3) See my answer #2. Again the manual mostly tells you how to do these things, plus you can look at the few Github driver projects and see how they do it. You can set the feature up to use a circular buffer or to trigger an interrupt when it's internal physical memory buffer (that you setup) gets full et al.
I'm also currently figuring out how to use Intel PT. As far as I know:
IA32_RTIT_CTL, at address 570H, is the primary enable and control MSR for trace packet generation. Bit positions are listed in Table 36-5.
You can clear or set the IA32_RTIT_CTL MSR to disable or enable PT tracing. This can be done from within the system PT is providing a trace of. In fact, I don't think it can be done any other way.
Yes. A Paging Information Packet (PIP) is created when modifications to the CR3 register happen. Not sure about IDTR and others, though. Furthermore, the CR3 register can be used for trace filtering.

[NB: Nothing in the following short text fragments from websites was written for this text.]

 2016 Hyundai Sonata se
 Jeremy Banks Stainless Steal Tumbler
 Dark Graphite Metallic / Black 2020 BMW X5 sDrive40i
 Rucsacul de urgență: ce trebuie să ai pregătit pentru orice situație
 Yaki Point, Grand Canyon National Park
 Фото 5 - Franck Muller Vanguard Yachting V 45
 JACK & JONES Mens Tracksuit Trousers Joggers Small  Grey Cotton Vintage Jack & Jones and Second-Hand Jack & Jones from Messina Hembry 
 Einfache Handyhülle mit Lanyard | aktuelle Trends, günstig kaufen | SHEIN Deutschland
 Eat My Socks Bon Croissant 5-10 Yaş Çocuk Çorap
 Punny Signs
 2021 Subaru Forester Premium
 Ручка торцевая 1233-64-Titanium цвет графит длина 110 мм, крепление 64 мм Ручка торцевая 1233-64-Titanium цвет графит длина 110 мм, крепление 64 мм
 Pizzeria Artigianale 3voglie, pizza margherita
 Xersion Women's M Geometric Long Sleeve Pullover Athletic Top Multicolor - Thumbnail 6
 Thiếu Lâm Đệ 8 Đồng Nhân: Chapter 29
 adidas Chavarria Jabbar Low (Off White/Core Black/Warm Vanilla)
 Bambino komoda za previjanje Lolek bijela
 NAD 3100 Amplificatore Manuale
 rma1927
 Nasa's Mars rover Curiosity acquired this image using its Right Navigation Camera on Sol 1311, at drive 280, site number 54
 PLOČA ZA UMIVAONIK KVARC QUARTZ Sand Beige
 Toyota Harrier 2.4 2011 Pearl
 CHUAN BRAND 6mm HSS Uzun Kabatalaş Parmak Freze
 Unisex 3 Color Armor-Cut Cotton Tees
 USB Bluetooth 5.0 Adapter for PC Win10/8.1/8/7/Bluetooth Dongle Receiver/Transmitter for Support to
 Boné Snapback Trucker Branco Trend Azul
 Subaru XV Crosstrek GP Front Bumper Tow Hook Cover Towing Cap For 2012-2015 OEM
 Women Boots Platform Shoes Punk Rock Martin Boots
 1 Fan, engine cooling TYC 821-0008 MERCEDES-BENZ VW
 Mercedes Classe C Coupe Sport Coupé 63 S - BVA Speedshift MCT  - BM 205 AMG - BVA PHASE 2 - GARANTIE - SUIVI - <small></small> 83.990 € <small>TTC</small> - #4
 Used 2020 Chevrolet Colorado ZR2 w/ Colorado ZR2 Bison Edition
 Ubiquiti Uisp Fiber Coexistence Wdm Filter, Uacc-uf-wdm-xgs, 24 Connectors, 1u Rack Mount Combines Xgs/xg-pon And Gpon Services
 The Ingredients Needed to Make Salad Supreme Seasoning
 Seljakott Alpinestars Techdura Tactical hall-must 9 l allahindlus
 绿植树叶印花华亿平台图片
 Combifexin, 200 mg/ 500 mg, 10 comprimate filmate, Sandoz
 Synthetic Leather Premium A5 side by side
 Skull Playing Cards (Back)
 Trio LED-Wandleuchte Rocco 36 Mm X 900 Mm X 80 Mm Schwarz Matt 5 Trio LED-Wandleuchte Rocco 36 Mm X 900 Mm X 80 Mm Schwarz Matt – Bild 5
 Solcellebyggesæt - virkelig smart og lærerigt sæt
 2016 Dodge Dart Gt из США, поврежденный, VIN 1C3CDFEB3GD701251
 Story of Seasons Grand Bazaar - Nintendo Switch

The whole idea behind Intel PT is packet encoding and decoding. When x event happens, y packet is generated. It's your job to "decode" this CPU provided data and make some high level sense out of it. Additionally, you can "encode" packets and feed them into the system doing the decoding. Again, decoder (and, optionally, encoder) functionality is your job. You can check out Intel's opensource decoder/encoder library reference implementation here. I'd recommend trying it out under Linux, with the latest stable kernel (4.1.3 as of this writing). It's worth noting that PT stores its data where you tell it to, generally a reserved memory region, or a debugging port.